ГДЗ по алгебре 9 класс Макарычев Задание 510

\[\boxed{\text{510\ (510).}\text{\ }\text{Еуроки\ -\ ДЗ\ без\ мороки}}\]

\[\textbf{а)}\ \left\{ \begin{matrix} x^{2} + 3xy - 10y^{2} = 0 \\ x^{2} - 4xy + 3y = 0\ \ \ \\ \end{matrix} \right.\ \Longrightarrow\]

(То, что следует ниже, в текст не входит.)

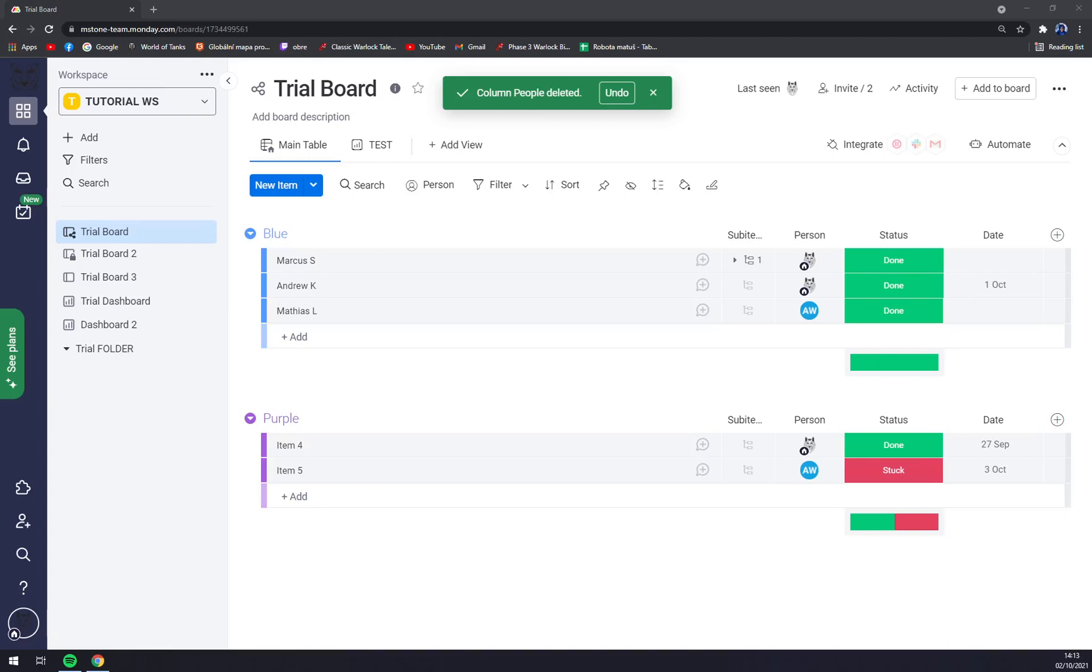First things first, we have to create ourselves an account at monday.com or log into our existing account.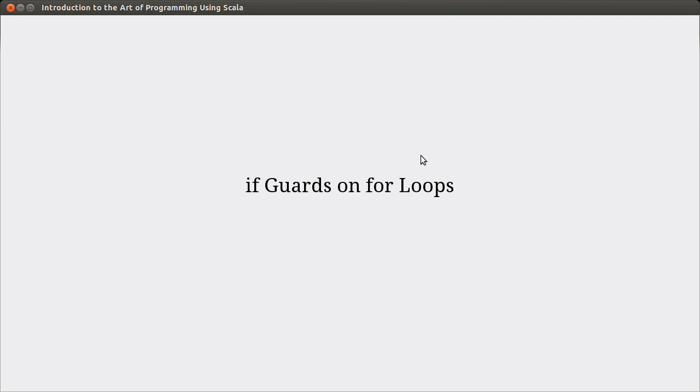Hello, welcome back to the video lecture series for introduction to R programming using Scala. We've been talking about for loops for the last two videos and we continue that with this video. In this video we're going to talk about if guards on for loops. They're another option that we can put inside of our for loops.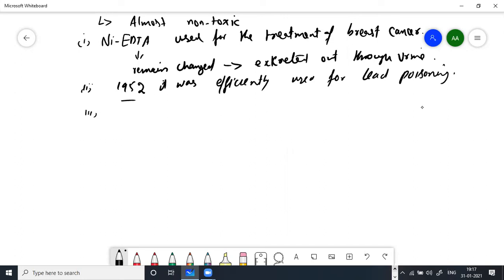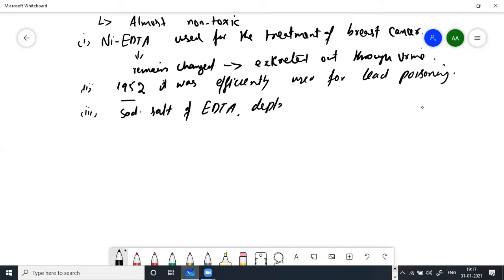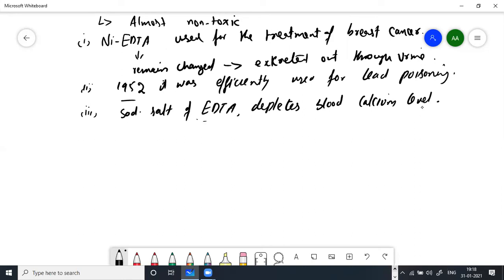The nickel-EDTA complex was used for the treatment of breast cancer. It was found that EDTA remained unchanged in the biological system — there was no change in EDTA's properties — and it was excreted in its original form from the human body. Then, moving forward, in 1952 EDTA was efficiently used for lead poisoning — for the treatment of lead poisoning around 1952.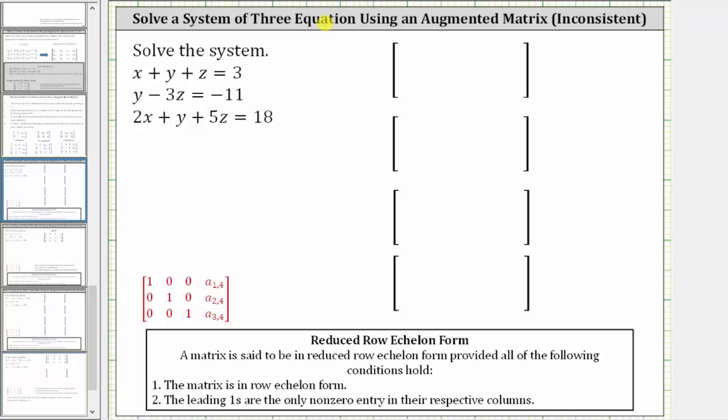In this video, we will solve a system of three equations with three unknowns by writing an augmented matrix in reduced row echelon form.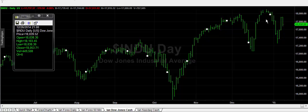The UK markets would have been closed but the American markets were open. The selling pressure was greater in that bar than the buying pressure. Because it is a daily bar, that meant that on the 26th there was greater selling pressure than there was buying pressure. The close of that particular bar was at 18,053.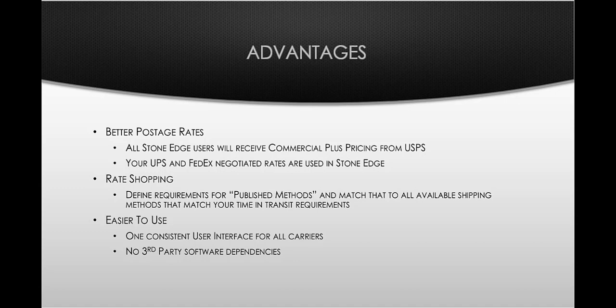The rate shopping, as I mentioned earlier, is going to work across all carriers to find the best available shipping method that'll get that order to your customer in the timeframe that they selected during checkout. And the other advantage is that this new system is easier to use. You have one consistent user interface for all carriers. There's no third party software dependencies.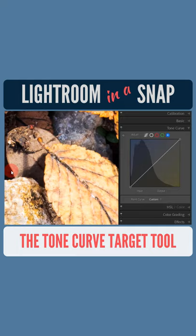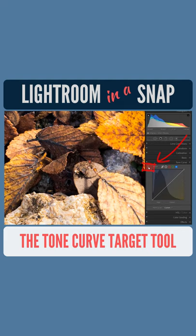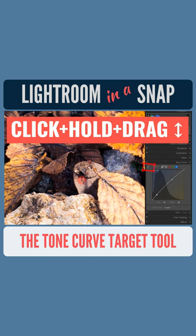Let's say I want to shift the darker areas blue. I could just drag up on the line on the left, but that may not be exactly what I want. So I can use the target tool to find the exact luminance range I want to adjust within the image itself, and then click and hold while dragging up and down to make the adjustment.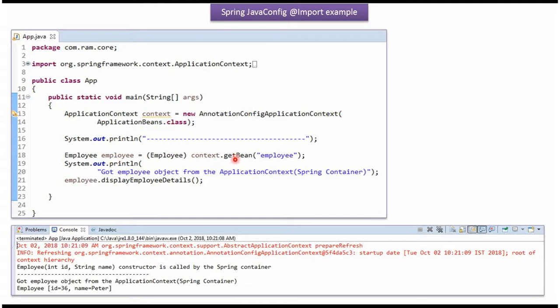Using GetBean method of ApplicationContextObject, getting EmployeeObject from SpringContainer and calling DisplayEmployeeDetails method. Here you can see the output.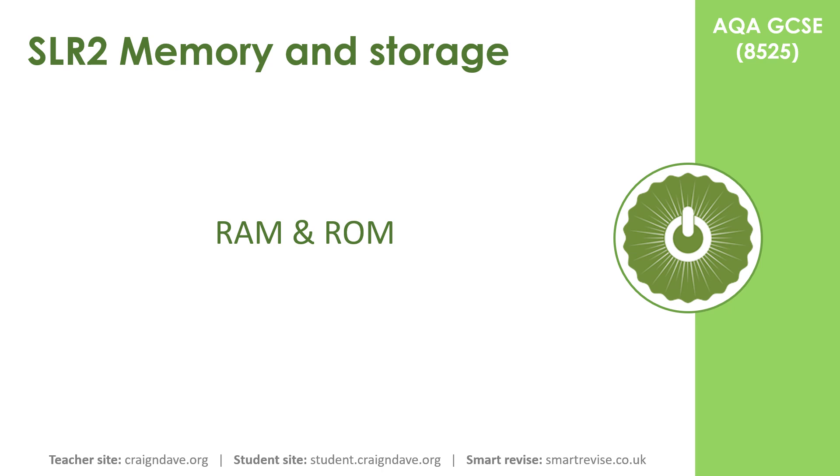In this video, we take a more detailed look at two types of primary memory, RAM and ROM.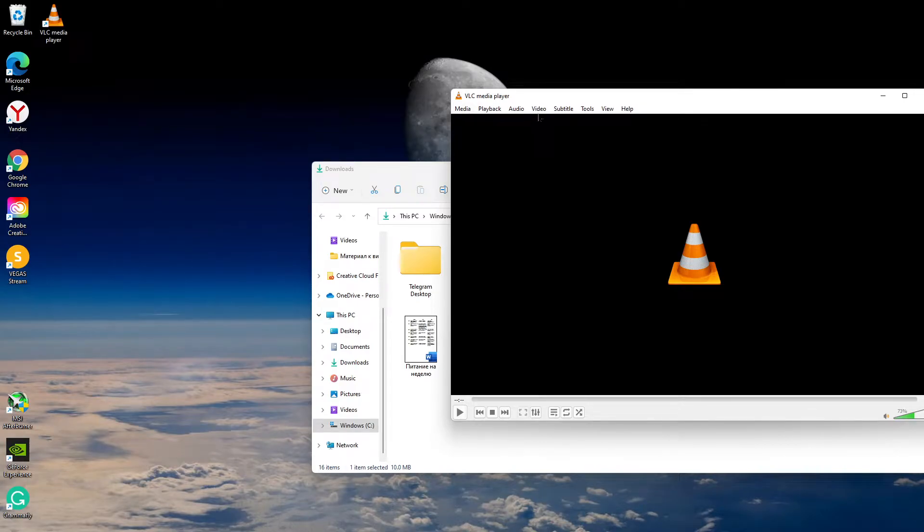In this video I will tell you how to convert a movie from MKV to MP4 format quickly and for free.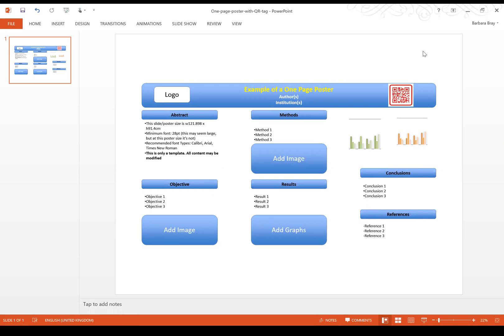The poster size is going to be a width of 121.898 cm wide and height 91.4 cm. The minimum font required has got to be 28 points which may seem large but for a poster size it's not.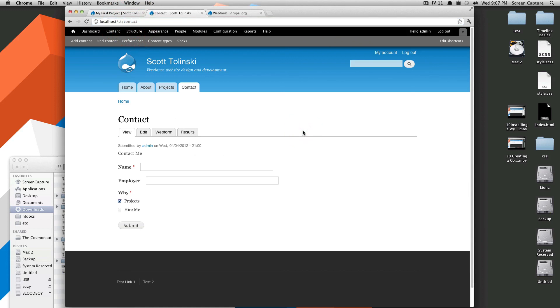Okay, well that's how to set up a contact form using web form, a Drupal module that makes contact forms more robust. If you have any questions or comments, please feel free to leave a comment on the video or hit us up at Twitter at LevelUpTuts. Once again, this is Scott and thanks for watching. Bye.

\[\Longrightarrow \left\{ \begin{matrix} (x + 5y)(x - 2y) = 0 \\ x² - 4xy + 3y = 0\ \ \ \ \ \ \\ \end{matrix} \right.\ \]

\[1)\ \left\{ \begin{matrix} x + 5y = 0\ \ \ \ \ \ \ \ \ \ \ \ \ \ \\ x^{2} - 4xy + 3y = 0 \\ \end{matrix} \right.\ \Longrightarrow\]

\[\Longrightarrow \left\{ \begin{matrix} x = - 5y\ \ \ \ \ \ \ \ \ \ \ \ \ \ \ \ \ \ \ \ \ \ \ \ \ \\ 25y^{2} + 20y^{2} + 3y = 0 \\ \end{matrix} \right.\ \Longrightarrow\]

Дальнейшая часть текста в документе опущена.